**BRIEF**
Exact transcription, pictures omitted: begin at the top line of the records below and end with the line bearing "Tagliando per nissan - per, 1.0".

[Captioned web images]
◇ ◇ ◇ ◇

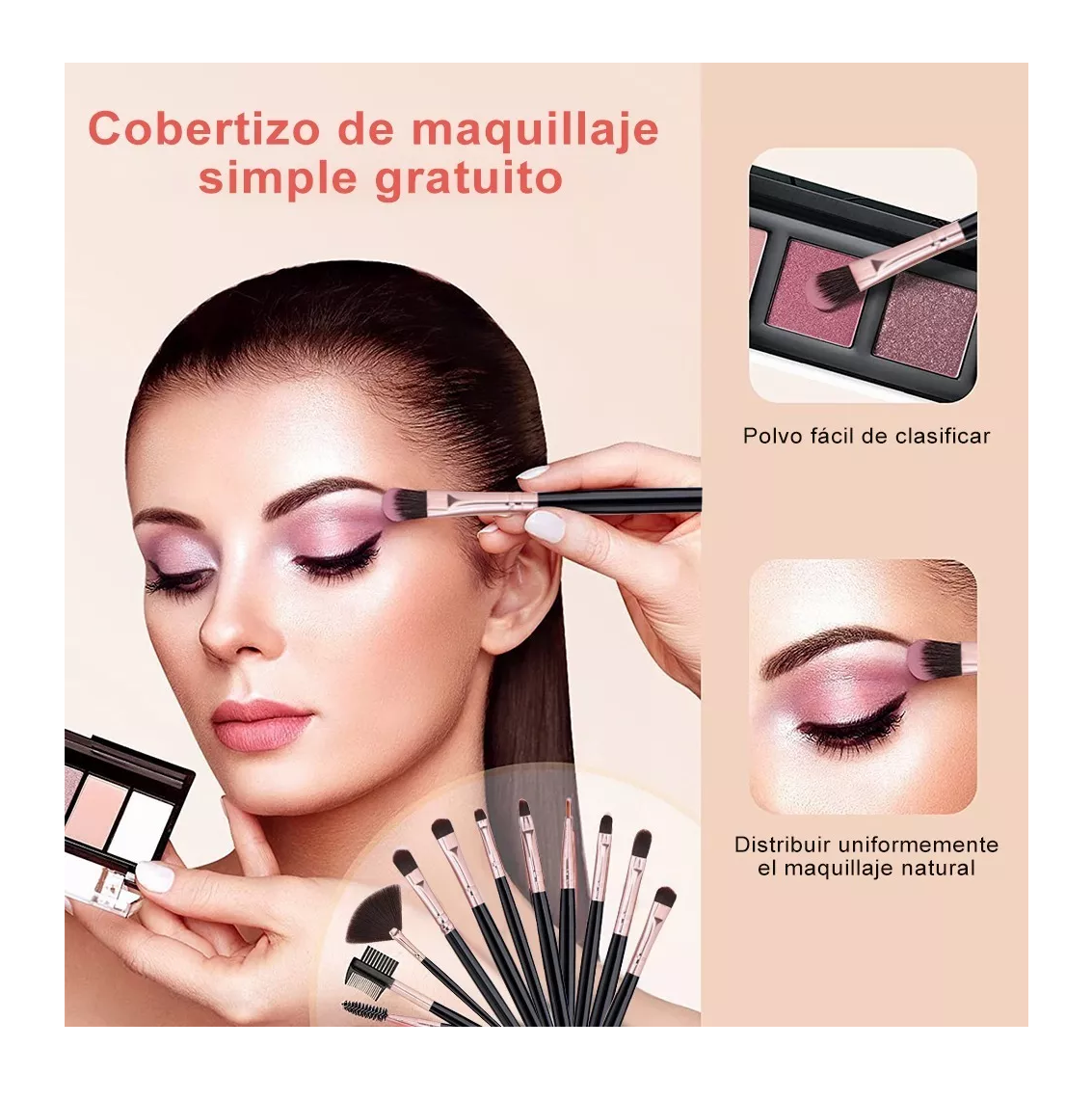 Foto 2 | Brochas para Maquillaje Belug color Negro 25 Piezas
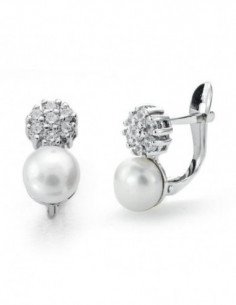 18K PENDIENTES ORO BLANCO... 2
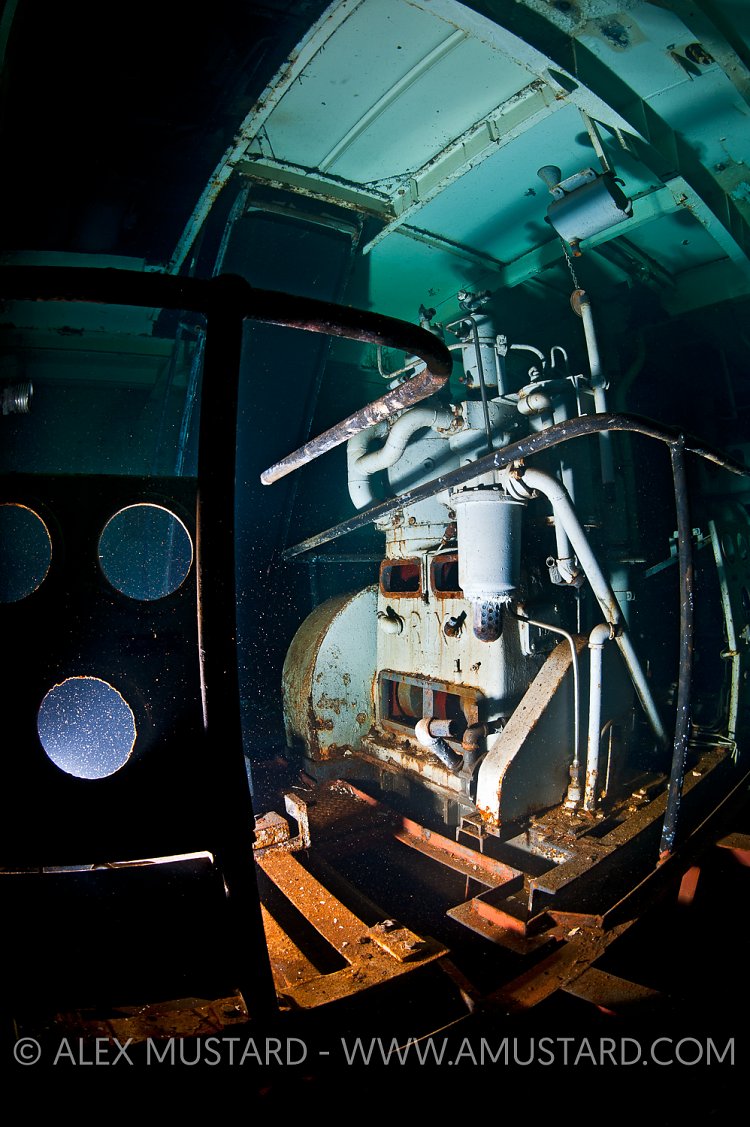 Compressor in the USS Kittiwake. Cayman Islands.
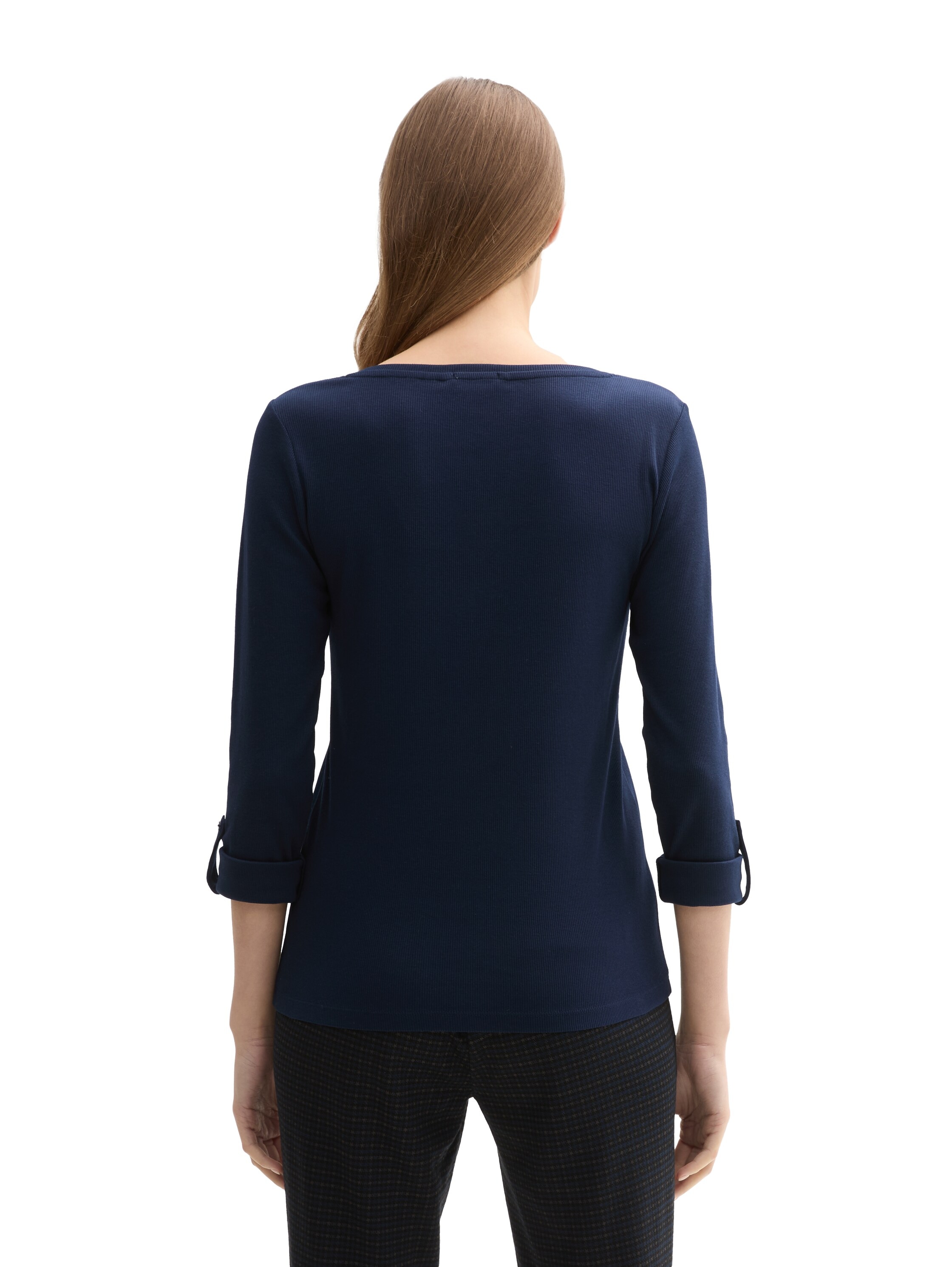 TOM TAILOR Henleyshirt, mit Turn-Up-Arm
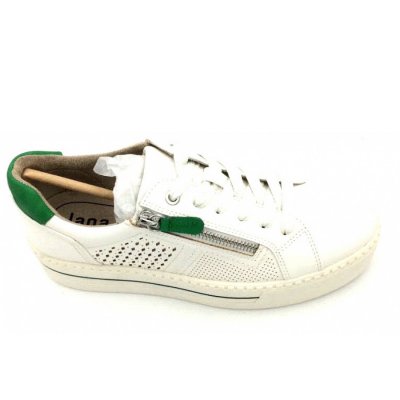 Jana schn?rermodel 2376442 Sneaker in weiß Jana schn?rermodel 2376442 Sneaker in weiß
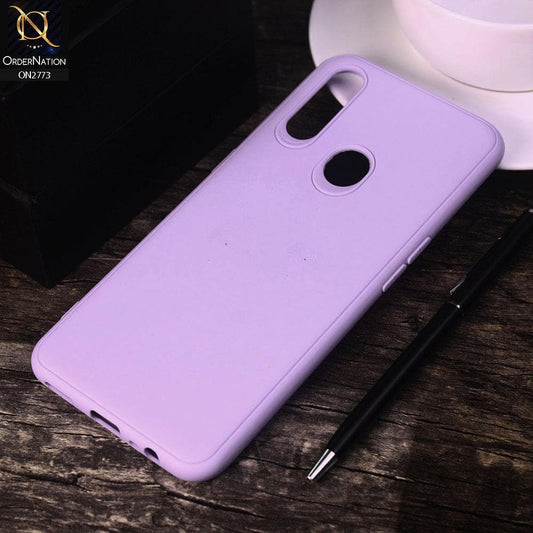 Oppo A31 Cover - Purple -Candy Colour Tpu Soft Case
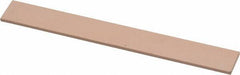 Made in USA - 600 Grit Aluminum Oxide Rectangular Polishing Stone - Super Fine Grade, 1/2" Wide x 4" Long x 1/16" Thick - Benchmark Tooling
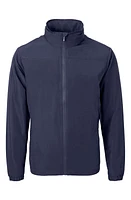 Cutter & Buck Charter Water Resistant Packable Full Zip Recycled Polyester Jacket at Nordstrom,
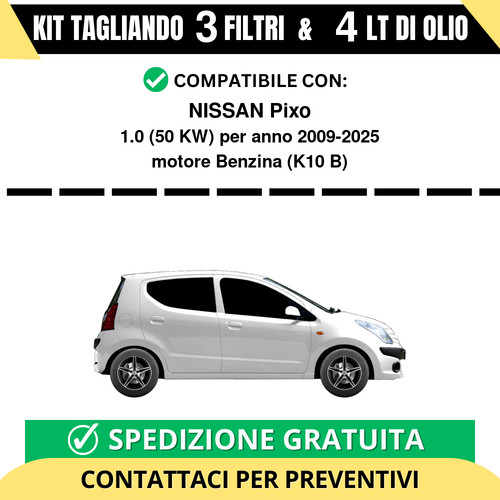 Tagliando per nissan - per, 1.0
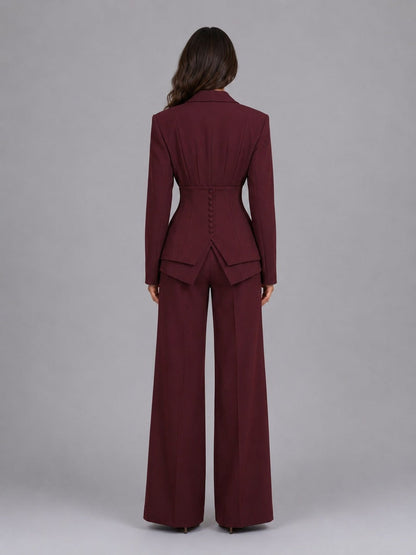 Mari Trini | Americana y Pantalón Palazzo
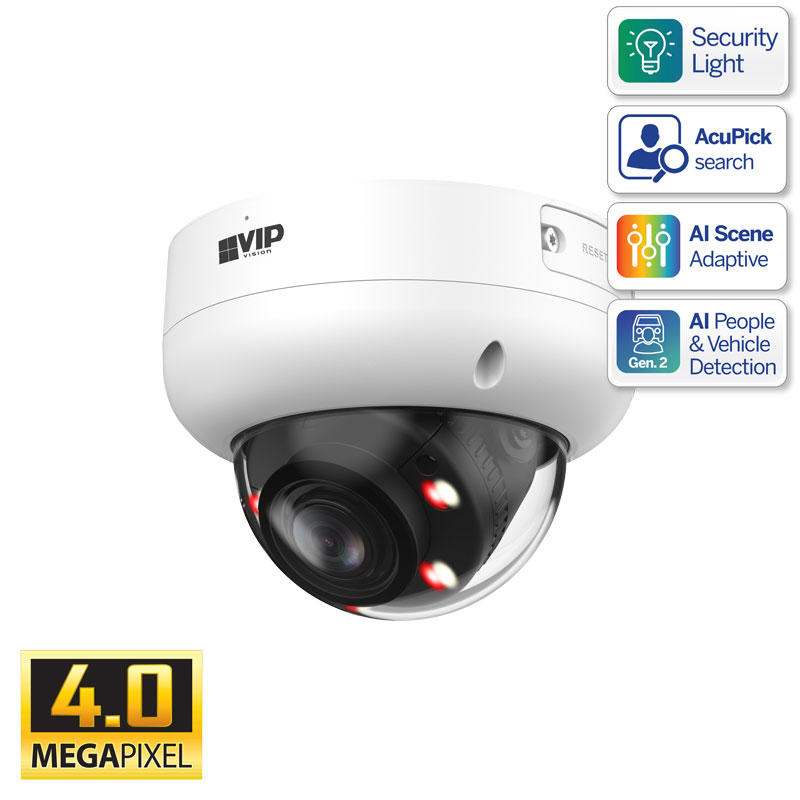 Professional AI Series 4.0MP Motorised Vandal Dome -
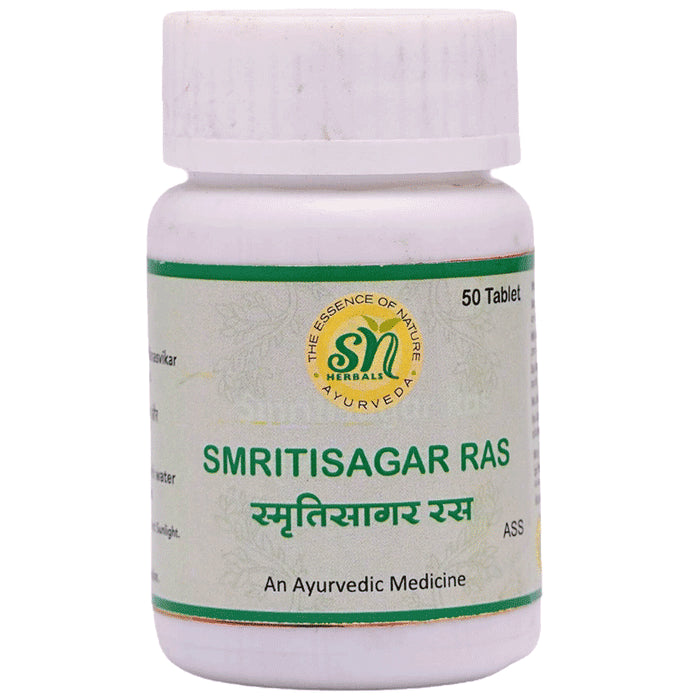 SN Herbals Smritisagar Ras Tablet - Classic Derma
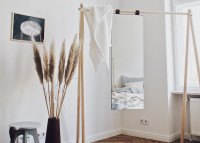 Penderie avec miroir design 2 coloris hongi par Karup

◇ ◇ ◇ ◇

**REPLY**
 Foto 2 | Brochas para Maquillaje Belug color Negro 25 Piezas
 18K PENDIENTES ORO BLANCO... 2
 Compressor in the USS Kittiwake. Cayman Islands.
 TOM TAILOR Henleyshirt, mit Turn-Up-Arm
 Jana schn?rermodel 2376442 Sneaker in weiß Jana schn?rermodel 2376442 Sneaker in weiß
 Oppo A31 Cover - Purple -Candy Colour Tpu Soft Case
 Made in USA - 600 Grit Aluminum Oxide Rectangular Polishing Stone - Super Fine Grade, 1/2" Wide x 4" Long x 1/16" Thick - Benchmark Tooling
 Cutter & Buck Charter Water Resistant Packable Full Zip Recycled Polyester Jacket at Nordstrom,
 Tagliando per nissan - per, 1.0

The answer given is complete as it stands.